The Mummy (1959)
5/10
Dissapointing outing from the Hammer dream-team
3 June 2020
Writer Jimmy Sangster, director Terence Fisher, and stars Peter Cushing and Christopher Lee returned together for the third time in as many years for Hammer's next re-hash of a Universal classic, this time "The Mummy". Unfortunately, the weak points that were beginning to show in "Dracula" the previous year finally buckled the production. Sangster's script was fairly mediocre for "Dracula", which was only saved by Fisher's superb directing and Lee's undeniable presence and the horror imagery, and his script for "The Mummy" was so weak that it left Fisher virtually nothing to work with and it completely inhibited the film and made it the empty, slow-burner that it is. Cushing is solid, as usual, while Lee is the most unrecognisable that he would ever be in a Hammer production where he plays the monster, hidden away under all them rotten bandages. But his lanky gait and towering presence would give him away any day!

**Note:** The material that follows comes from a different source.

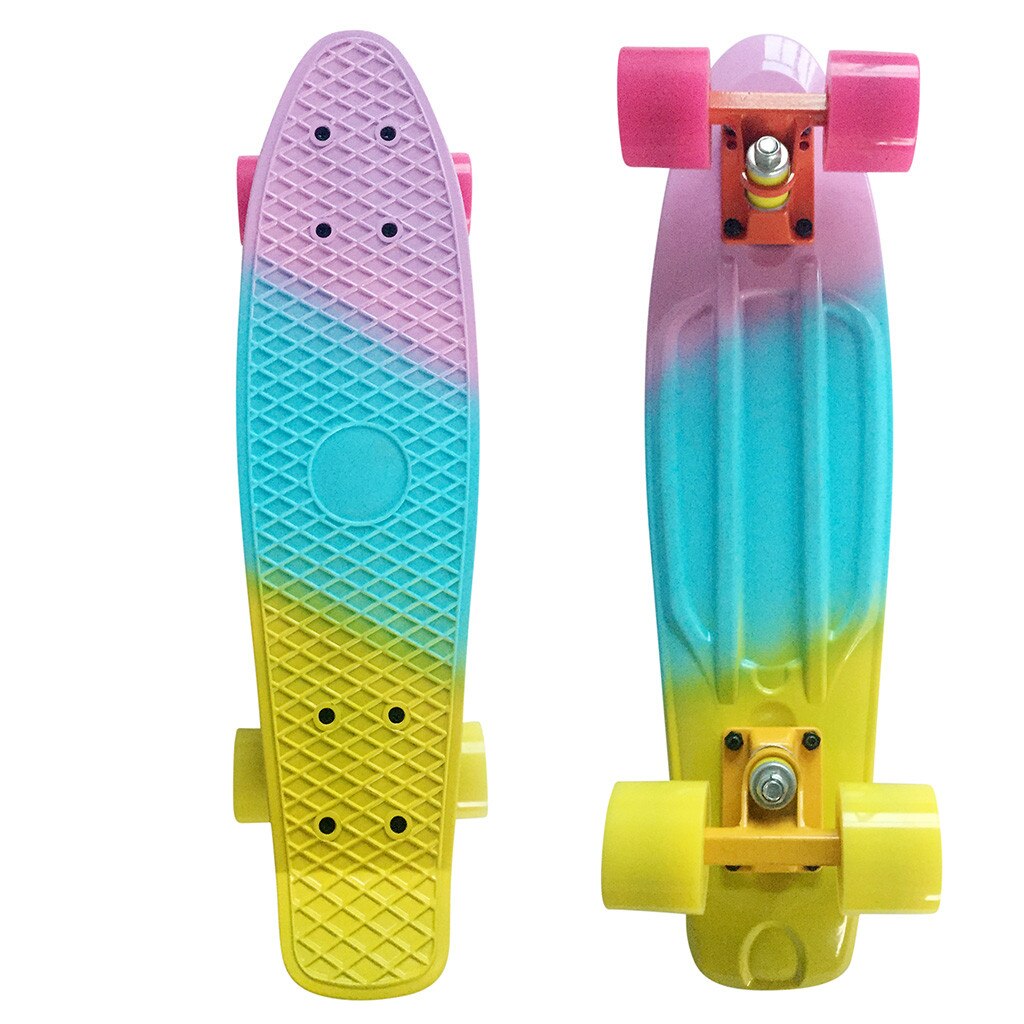 De plástico nueva patineta Mini Cruiser pequeño Skate solo Banana Longboard niños adultos se retorcido camino Skate Board #9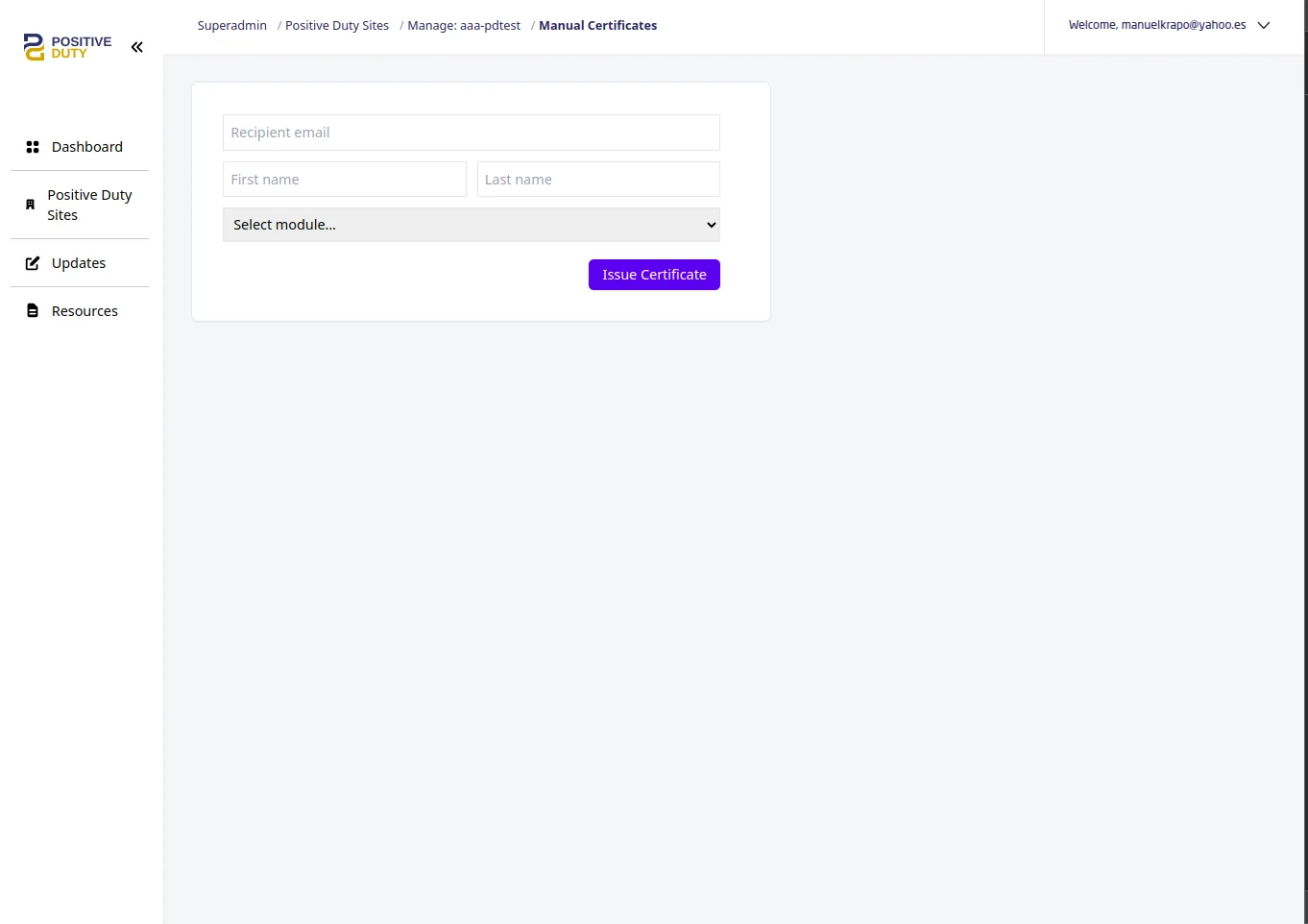 Positive Duty super admin manual certificate generation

The low-budget really shows here. But it makes for delightful, cheap sets. The film opens in Egypt in the last decade of the 1800s but it is clearly just a set design with a few potted palm trees and jungle shrubbery thrown about. I thought that this had a nice, cosy effect to it, and I would never criticise a Hammer film for its low production values, because all that aside the studio single-handedly saved the horror genre from fading away when it injected the life back into it. A family of archaelogists, among them Peter Cushing, locate and break into a long fabled tomb of an Egyptian princess. They take the loot and the body and return (thankfully, for the production's sake) back to England. You could write it yourself from here... we end up having a mummy hulking and lumbering around the English countryside, seeking vengeance for the violation of its tomb.

"The Mummy" is one of the lesser Hammer Horror films, in my opinion. There is little scares and it all just trudges along slowly, like the titular monster. Some excellent imagery - such as the scenes in the swamp - save the film from a lower rating, but overall, Sangster's script was very poor and it left the rest of the film with nothing to work with and this was the disappointing result.